Les habitants du projet « Gaïa », installés il y a un an dans le quartier Flaubert de Rouen en construction, ne s’inquiètent pas de leur proximité avec l’usine Lubrizol. Six ans jour pour jour après l’incendie industriel, le promoteur est prêt en cas de nouvelle catastrophe.

Cela fait six ans ce vendredi 26 septembre 2025 que les incendies des entrepôts de l’usine Lubrizol de Rouen – classée Seveso seuil haut – et de Normandie Logistique se sont déclenchés. Environ 9.500 tonnes de produits chimiques ont brulé, plus de 200 pompiers ont été mobilisés, et un énorme nuage de fumée noire de 22 km de long et 6 km de large s’est formé au-dessus de la ville.
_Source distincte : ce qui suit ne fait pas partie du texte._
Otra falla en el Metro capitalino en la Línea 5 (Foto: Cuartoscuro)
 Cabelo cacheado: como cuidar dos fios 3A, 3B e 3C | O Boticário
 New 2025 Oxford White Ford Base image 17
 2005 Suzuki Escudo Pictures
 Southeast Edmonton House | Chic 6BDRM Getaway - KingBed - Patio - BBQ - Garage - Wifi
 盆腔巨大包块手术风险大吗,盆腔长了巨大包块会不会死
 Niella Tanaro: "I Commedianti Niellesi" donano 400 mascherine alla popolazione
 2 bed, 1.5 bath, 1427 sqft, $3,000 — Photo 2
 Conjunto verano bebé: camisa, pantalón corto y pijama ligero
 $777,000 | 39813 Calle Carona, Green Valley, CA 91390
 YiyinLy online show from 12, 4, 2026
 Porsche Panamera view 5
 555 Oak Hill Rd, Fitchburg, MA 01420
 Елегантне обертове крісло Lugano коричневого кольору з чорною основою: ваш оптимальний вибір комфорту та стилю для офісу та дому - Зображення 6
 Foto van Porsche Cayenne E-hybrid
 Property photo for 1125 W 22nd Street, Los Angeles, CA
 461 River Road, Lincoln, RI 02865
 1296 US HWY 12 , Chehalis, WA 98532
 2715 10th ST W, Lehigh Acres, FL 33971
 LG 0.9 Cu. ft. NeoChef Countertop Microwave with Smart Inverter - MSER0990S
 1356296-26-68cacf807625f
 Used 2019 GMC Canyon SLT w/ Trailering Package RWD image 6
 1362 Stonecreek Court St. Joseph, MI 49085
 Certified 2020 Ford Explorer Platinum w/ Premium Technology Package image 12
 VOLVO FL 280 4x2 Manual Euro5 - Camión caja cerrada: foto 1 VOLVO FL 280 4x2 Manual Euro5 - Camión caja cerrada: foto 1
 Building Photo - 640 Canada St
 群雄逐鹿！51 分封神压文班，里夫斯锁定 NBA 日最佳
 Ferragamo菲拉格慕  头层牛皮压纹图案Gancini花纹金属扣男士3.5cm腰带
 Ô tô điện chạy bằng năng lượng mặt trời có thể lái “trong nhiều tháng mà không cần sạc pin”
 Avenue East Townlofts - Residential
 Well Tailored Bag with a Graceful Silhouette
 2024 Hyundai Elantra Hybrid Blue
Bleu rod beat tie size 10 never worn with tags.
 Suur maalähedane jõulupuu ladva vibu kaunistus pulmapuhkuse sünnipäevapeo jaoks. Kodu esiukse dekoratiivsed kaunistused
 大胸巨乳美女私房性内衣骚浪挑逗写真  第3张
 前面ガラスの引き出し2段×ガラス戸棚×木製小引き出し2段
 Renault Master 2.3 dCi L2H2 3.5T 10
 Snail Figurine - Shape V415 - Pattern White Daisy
Six ans après, la vie a repris son cours, y compris dans le nouveau quartier Flaubert. Depuis l’été 2024, la majorité des 104 logements du projet « Gaïa », construits par le promoteur Odyssée Immobilier, sont habités. Ce sont deux résidences de 250 habitants et 13.000m² de commerces ou bureaux situés à environ un kilomètre de l’usine Lubrizol, juste à côté du pont Flaubert.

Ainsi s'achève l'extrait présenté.